• Task statement: Please set down only the lines below starting with the line with "Women’s Solid Black" and going on through the line with "Biden tem quinta", verbatim and without pictures.

(Material for this exercise begins)

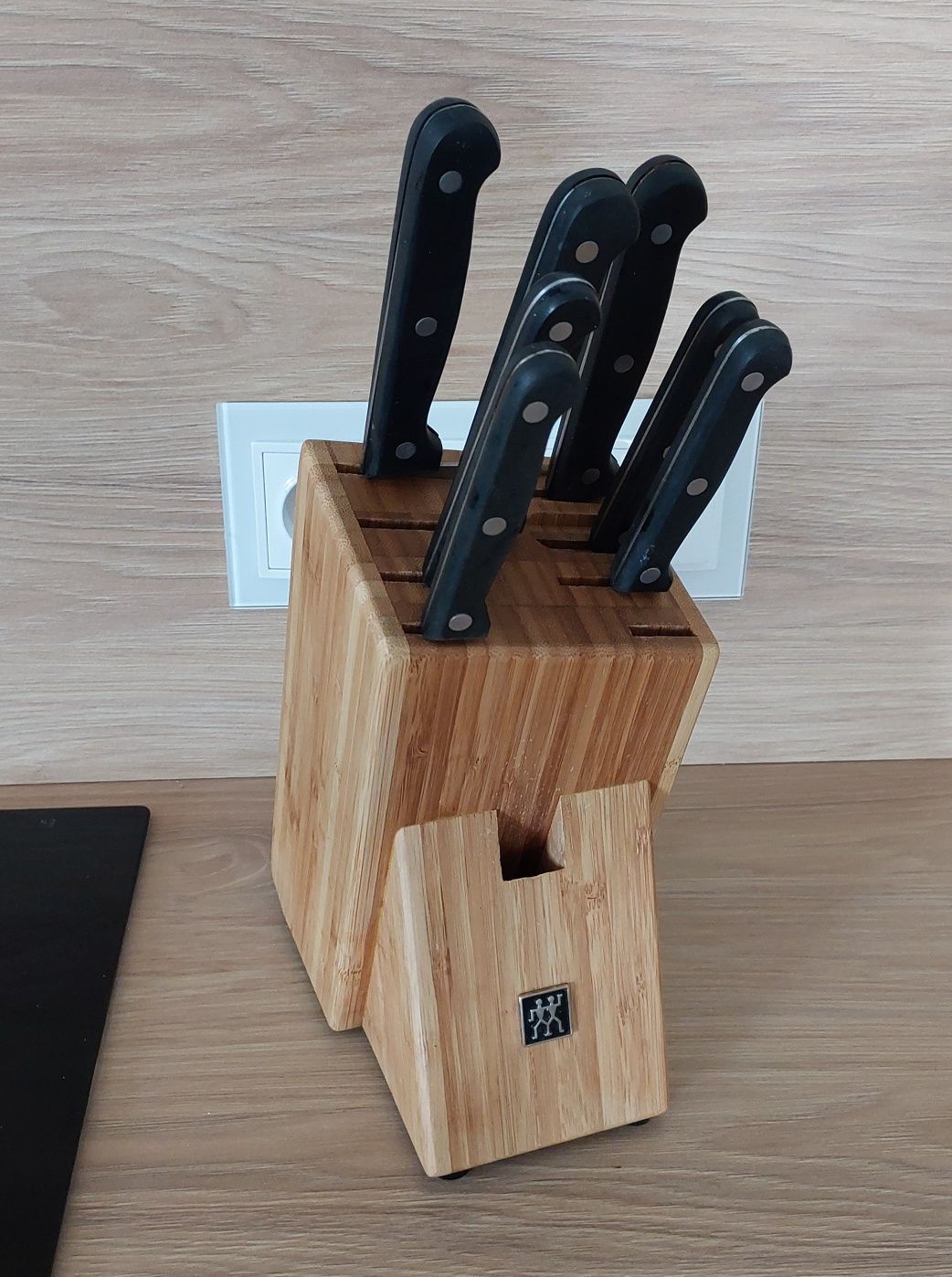 Bambusowy blok na noże Zwilling + 7 noży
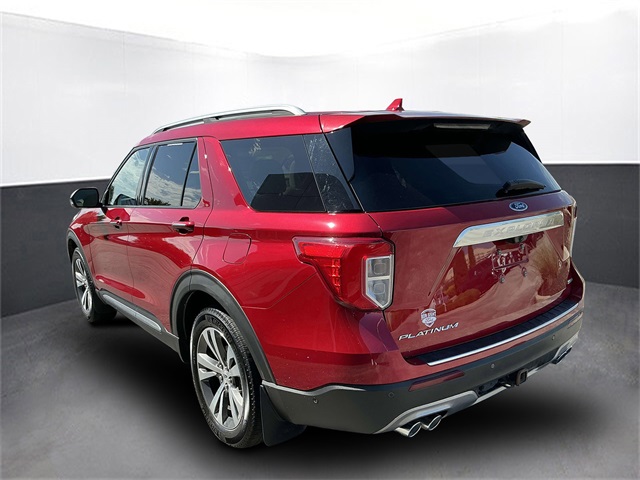 2020 Ford Explorer Platinum photo 2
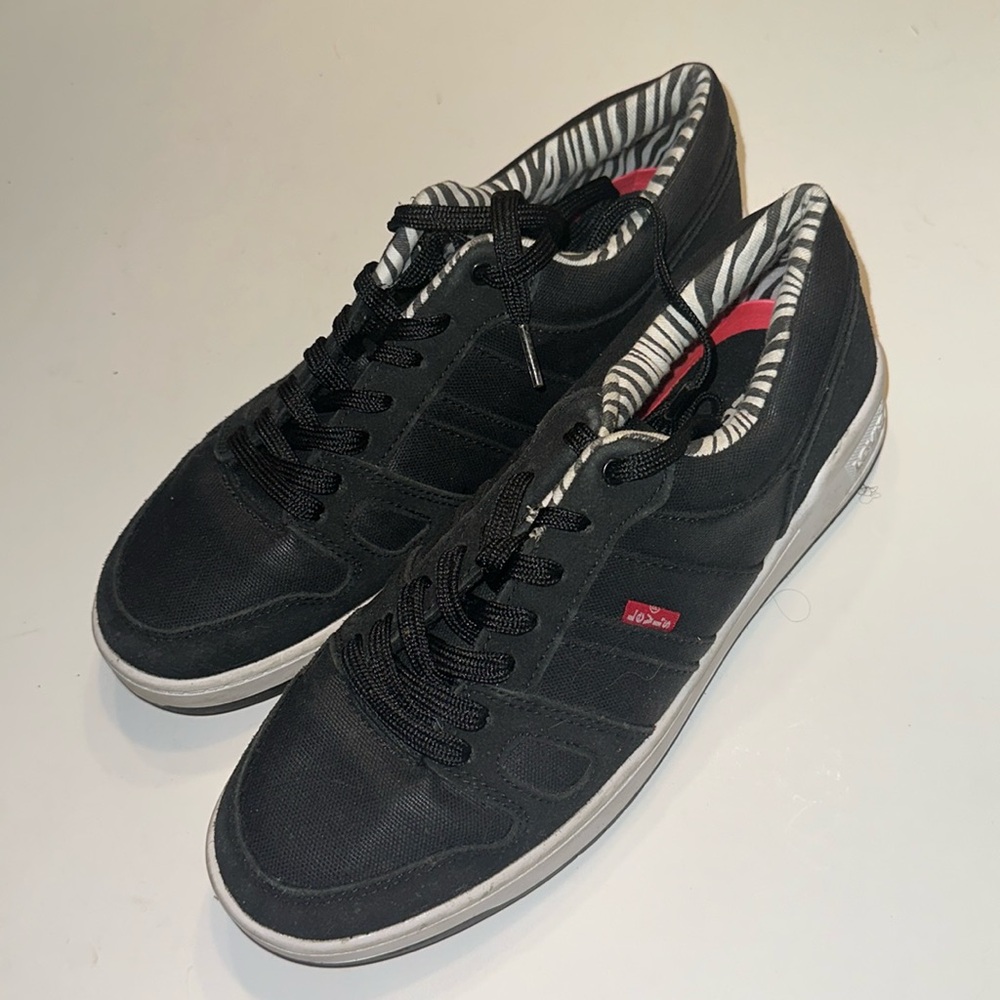 Women’s Solid Black Levi’s Sneakers - image 1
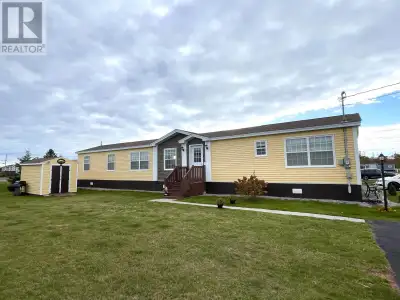 Beautiful, Modern Minihome in a Well-Maintained Park This is truly one of the nicest, prettiest mini...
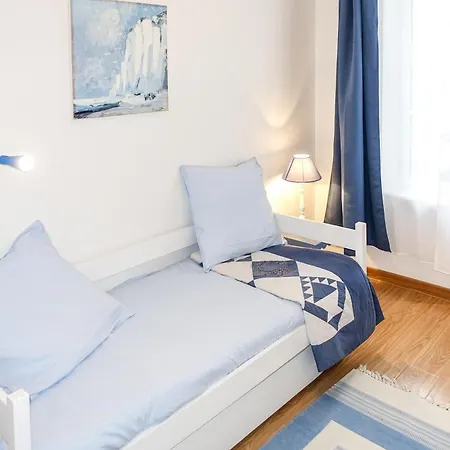 Cosy Et Lumineux Idealement Place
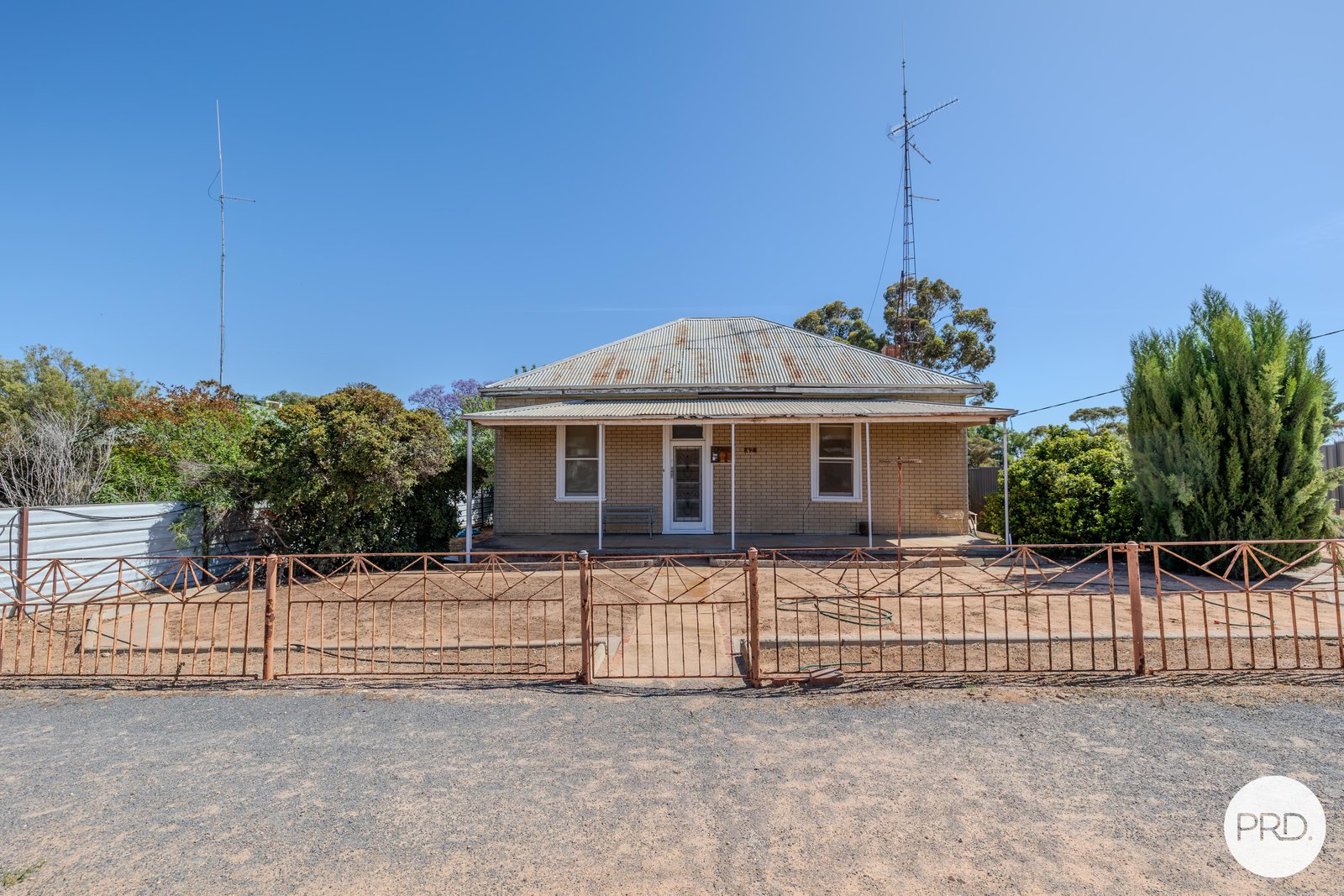 42 Monash Avenue UNDERBOOL 1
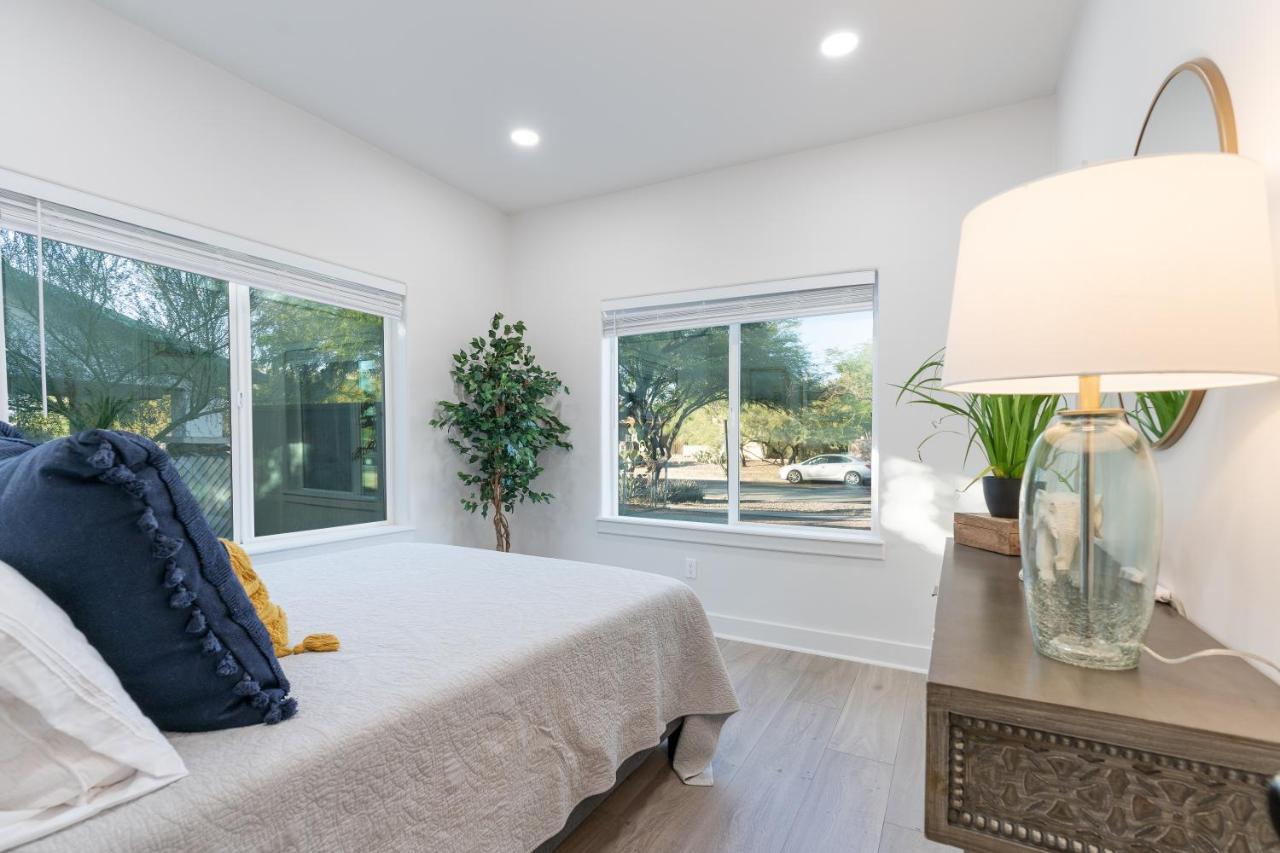 Fresh Bungalow Next To Uarizona!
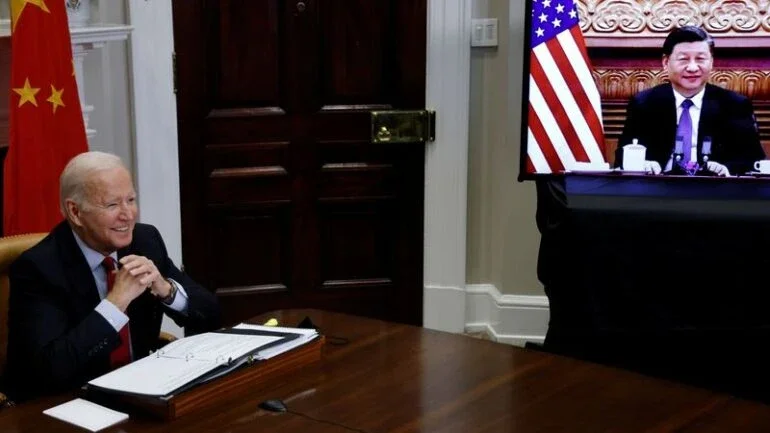 Biden tem quinta ligação com Xi, procura conter tensão sobre Taiwan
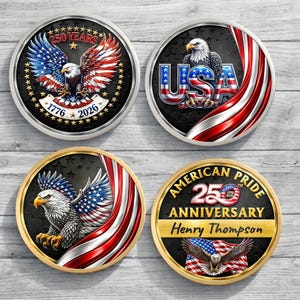 Könnte beinhalten: Vier runde Gedenkmünzen mit patriotischen Designs. Eine Münze zeigt einen Adler mit rot-weiß-blauen Flügeln und dem Text "250 YEARS 1776 2026". Eine weitere Münze zeigt "USA" mit einem Adler und Streifen der amerikanischen Flagge. Die dritte Münze hat einen Adler mit der amerikanischen Flagge. Die vierte Münze lautet "AMERICAN PRIDE 25TH ANNIVERSARY Henry Thompson".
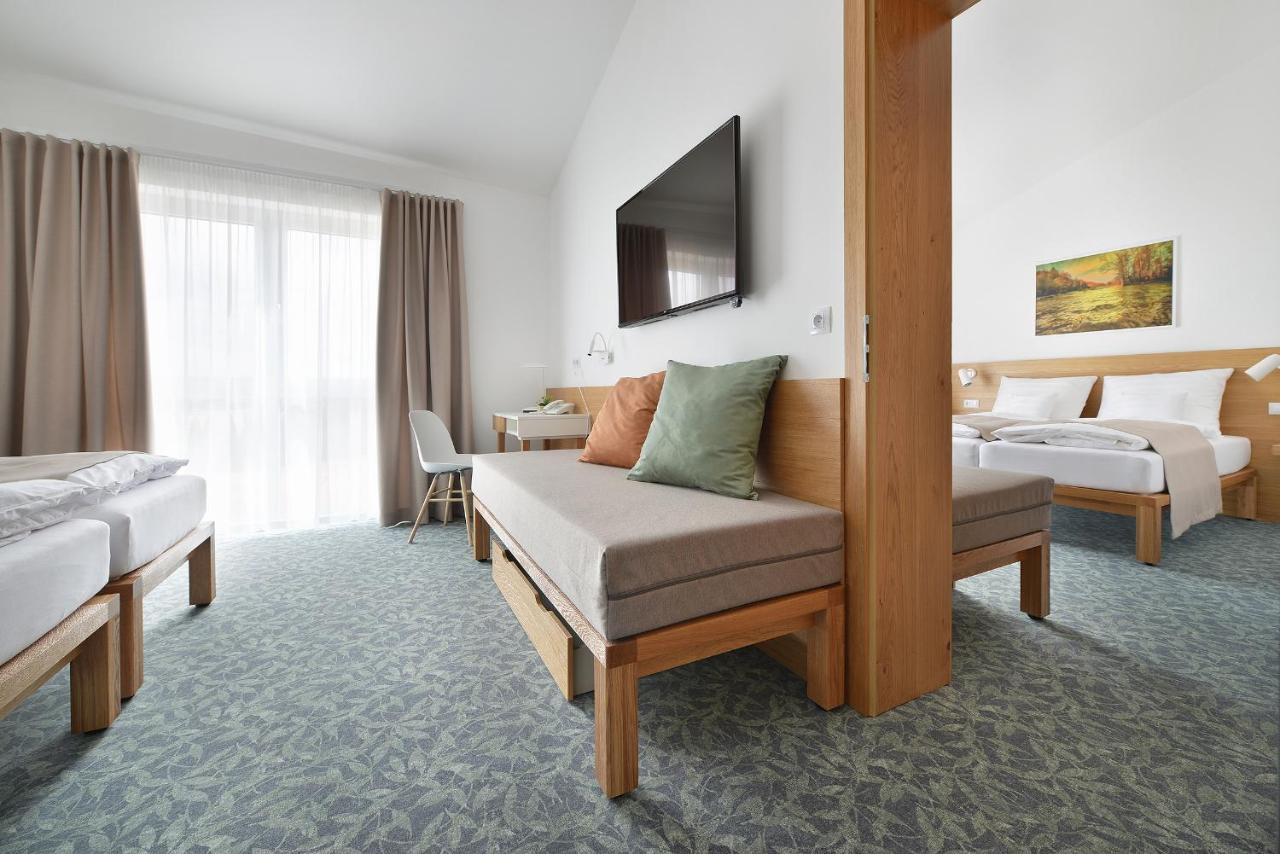 Wellness Hotel Happy Star نانيتسيه المظهر الخارجي الصورة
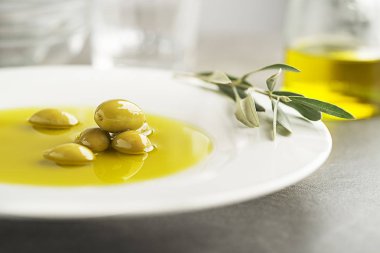 Zeytin yağı ile zeytin ve şube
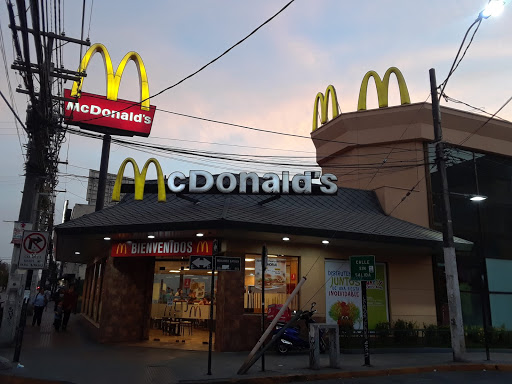 McDonald's La Cisterna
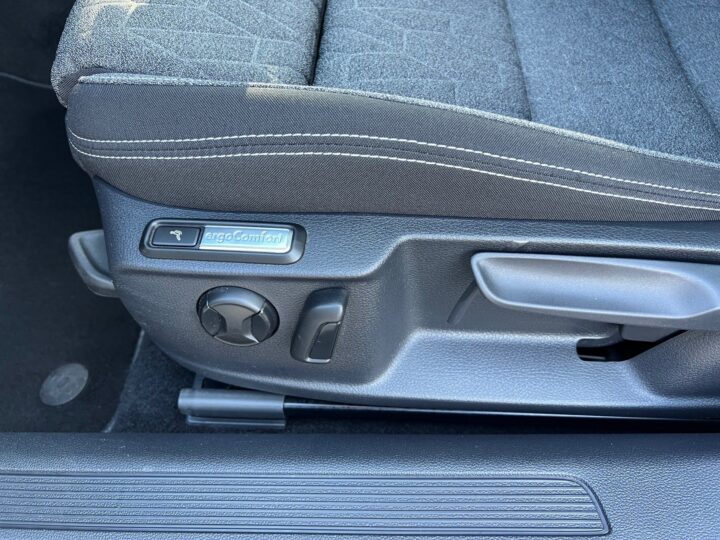 Abbildung Fahrzeugdetailansicht Volkswagen Passat Variant - Nr. 32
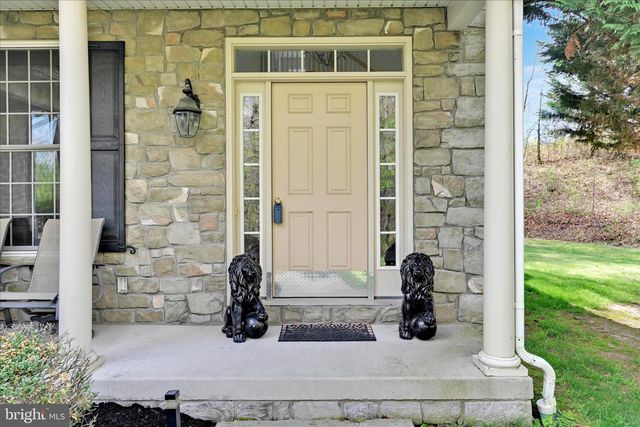 204 IRON VALLEY DR, Lebanon, PA 17042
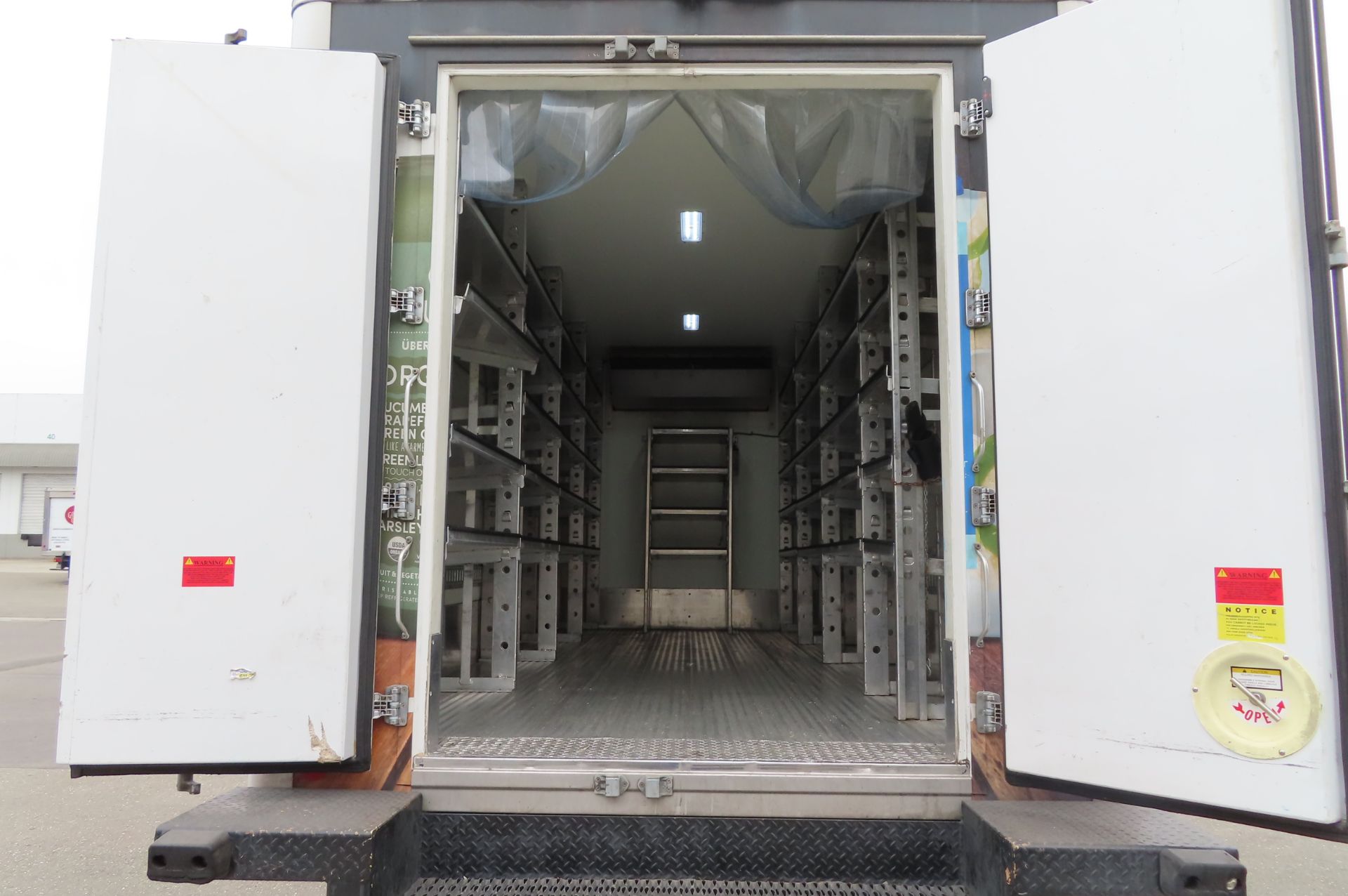 2018 Hino refrigerated truck - Image 5 of 9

(Material for this exercise ends)

• Written response:
 Women’s Solid Black Levi’s Sneakers - image 1
 Beautiful, Modern Minihome in a Well-Maintained Park This is truly one of the nicest, prettiest mini...
 Cosy Et Lumineux Idealement Place
 42 Monash Avenue UNDERBOOL 1
 Fresh Bungalow Next To Uarizona!
 Biden tem quinta ligação com Xi, procura conter tensão sobre Taiwan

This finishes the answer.